The lectures were very helpful - Dr. Ng has a gift for providing context and intuition. The programming assignments were not as instructive as I would have hoped since they mostly involved "fill in the blanks" and matrix math operations. I would have liked more "ground up" development that forced me to learn how to create solutions on my own vs be dependent upon scaffolding and examples. I know that's hard from an automated grading perspective, but perhaps one keystone assignment per class makes sense.

By Ed S

•

Oct 21, 2018

It's a good intro to RNNs (LSTMS and GRU). Very interesting use cases for RNNs. I feel that there could have been more room to try more programming exercises for different use cases & RNN architectures. Be aware that Keras is very sensitive to changes and you will find yourself reloading the jupyter kernels repeateadly when you get stuck. This is not a problem of the course itself but it is something that could end up wasting a lot of your time chasing problems when your code actually should work.

By Steven K

•

Jan 18, 2023

The lecture videos are great. Andrew is a great teacher in teaching concepts at the most intuitive level. By the time I finished the course, I had sufficient knowledge to be able to read and understand the paper.

One shortcoming of the course is that - the applied coding skills you gain from the course are quite limited, as the quiz and the assignments are a bit too simple.
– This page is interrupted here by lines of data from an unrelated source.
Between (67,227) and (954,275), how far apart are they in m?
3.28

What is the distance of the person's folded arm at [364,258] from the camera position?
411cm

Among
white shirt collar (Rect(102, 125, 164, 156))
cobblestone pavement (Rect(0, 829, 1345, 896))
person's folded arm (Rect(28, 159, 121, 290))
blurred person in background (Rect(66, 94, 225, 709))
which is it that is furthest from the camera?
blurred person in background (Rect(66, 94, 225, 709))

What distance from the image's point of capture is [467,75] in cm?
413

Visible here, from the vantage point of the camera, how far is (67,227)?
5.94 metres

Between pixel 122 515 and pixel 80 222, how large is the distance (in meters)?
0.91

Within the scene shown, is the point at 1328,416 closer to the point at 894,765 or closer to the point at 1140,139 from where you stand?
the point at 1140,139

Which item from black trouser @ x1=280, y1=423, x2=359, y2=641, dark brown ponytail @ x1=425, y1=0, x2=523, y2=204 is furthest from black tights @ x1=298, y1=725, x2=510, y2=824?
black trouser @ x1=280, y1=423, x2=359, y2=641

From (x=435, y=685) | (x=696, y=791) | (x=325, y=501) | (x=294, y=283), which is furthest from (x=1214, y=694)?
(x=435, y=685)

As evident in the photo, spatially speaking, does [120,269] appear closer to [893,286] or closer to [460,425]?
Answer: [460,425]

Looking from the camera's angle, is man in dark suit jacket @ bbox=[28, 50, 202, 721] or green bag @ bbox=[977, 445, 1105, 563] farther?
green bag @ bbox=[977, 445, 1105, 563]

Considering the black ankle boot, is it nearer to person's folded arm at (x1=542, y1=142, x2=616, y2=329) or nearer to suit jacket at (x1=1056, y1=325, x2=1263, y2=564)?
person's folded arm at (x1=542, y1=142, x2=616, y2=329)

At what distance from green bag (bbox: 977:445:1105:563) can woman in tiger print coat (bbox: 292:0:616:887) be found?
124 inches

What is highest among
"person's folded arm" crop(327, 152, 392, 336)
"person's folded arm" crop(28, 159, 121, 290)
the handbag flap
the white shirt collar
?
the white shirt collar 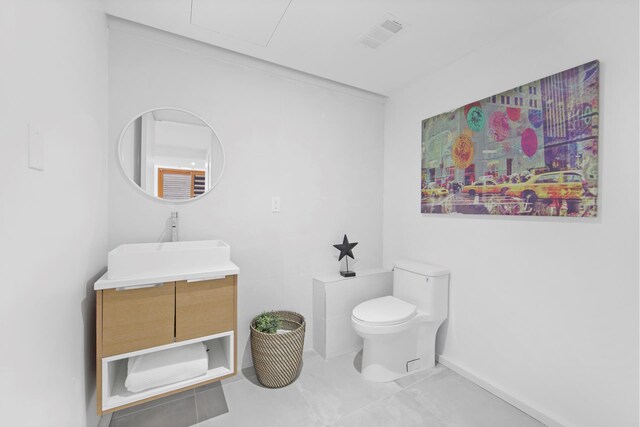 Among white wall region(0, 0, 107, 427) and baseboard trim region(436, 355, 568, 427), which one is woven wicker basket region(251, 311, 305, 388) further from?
baseboard trim region(436, 355, 568, 427)

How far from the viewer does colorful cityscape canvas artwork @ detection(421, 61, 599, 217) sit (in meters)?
1.53

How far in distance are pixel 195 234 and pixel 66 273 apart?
0.87 meters

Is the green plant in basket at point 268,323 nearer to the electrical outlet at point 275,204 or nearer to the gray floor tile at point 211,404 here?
the gray floor tile at point 211,404

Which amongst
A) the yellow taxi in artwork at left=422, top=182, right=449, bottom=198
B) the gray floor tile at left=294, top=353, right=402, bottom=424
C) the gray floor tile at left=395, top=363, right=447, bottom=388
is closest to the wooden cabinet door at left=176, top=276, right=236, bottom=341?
the gray floor tile at left=294, top=353, right=402, bottom=424

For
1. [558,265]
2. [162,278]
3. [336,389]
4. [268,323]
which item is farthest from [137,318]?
[558,265]

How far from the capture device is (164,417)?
1.70 metres

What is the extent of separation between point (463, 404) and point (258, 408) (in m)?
1.26

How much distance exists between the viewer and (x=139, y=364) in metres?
1.54

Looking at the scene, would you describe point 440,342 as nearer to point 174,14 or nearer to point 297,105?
point 297,105

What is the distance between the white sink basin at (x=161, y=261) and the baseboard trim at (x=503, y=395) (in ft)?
5.98

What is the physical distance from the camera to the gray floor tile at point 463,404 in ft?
5.52

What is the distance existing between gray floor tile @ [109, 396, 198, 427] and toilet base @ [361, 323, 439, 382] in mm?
1141

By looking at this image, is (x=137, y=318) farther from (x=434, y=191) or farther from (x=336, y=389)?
(x=434, y=191)

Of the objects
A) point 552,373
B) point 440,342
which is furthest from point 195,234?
point 552,373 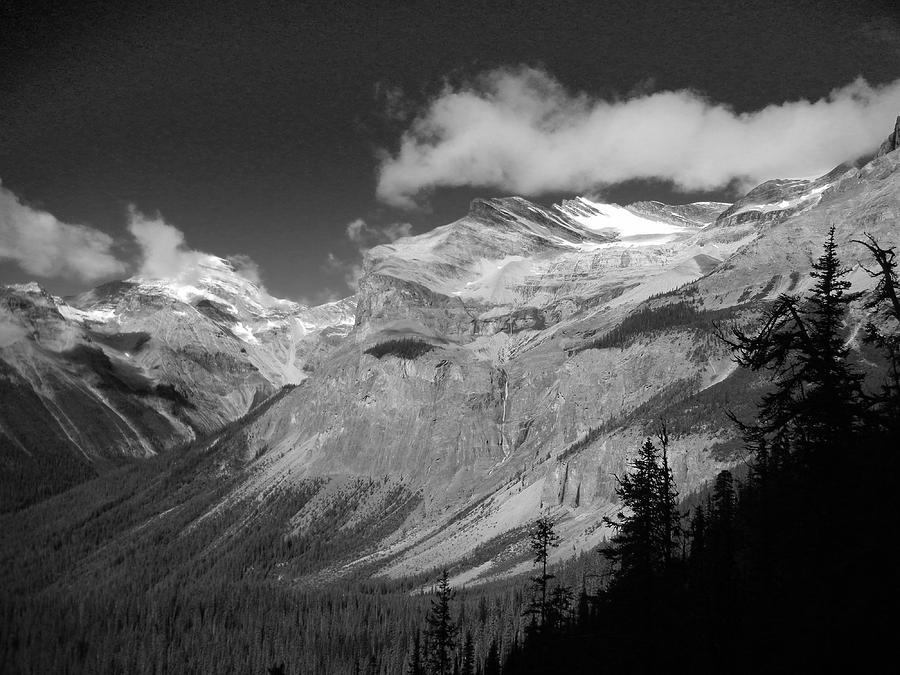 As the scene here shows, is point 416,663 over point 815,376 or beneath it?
beneath

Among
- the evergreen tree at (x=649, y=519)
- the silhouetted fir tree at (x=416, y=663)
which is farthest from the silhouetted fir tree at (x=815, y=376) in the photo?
the silhouetted fir tree at (x=416, y=663)

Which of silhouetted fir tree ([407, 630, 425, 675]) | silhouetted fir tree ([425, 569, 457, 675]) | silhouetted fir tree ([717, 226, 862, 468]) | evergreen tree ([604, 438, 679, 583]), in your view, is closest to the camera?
silhouetted fir tree ([717, 226, 862, 468])

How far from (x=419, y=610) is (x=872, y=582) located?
113 m

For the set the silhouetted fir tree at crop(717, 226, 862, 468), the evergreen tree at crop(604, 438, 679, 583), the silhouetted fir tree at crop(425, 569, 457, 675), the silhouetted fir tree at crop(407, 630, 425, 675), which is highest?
the silhouetted fir tree at crop(717, 226, 862, 468)

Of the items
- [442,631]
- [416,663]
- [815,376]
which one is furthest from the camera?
[416,663]

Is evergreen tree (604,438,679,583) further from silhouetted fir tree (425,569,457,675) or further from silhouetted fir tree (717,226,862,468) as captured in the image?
silhouetted fir tree (425,569,457,675)

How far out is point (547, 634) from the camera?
4978 cm

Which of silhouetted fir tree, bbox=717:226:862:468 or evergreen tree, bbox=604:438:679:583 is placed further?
evergreen tree, bbox=604:438:679:583

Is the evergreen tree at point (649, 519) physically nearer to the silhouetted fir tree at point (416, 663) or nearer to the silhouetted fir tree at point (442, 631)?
the silhouetted fir tree at point (442, 631)

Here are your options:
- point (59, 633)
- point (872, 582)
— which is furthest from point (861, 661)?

I wish there could be an optional advanced version of quizzes and assignments that are more thought-provoking.

By Joseph C

•

Apr 19, 2018

Another great course by Andrew Ng! This course is part of the CS230 class currently being taught at Stanford University. Only reason for 4 rather than 5 stars is that at this stage (April 2018), there are few knowledgeable mentors and virtually no Instructors present in the Forum. Course provides little introduction to the syntax of Keras, which makes for some problems implementing models. Therefore one might spend a lot of time spinning one's wheels until finding a way forward.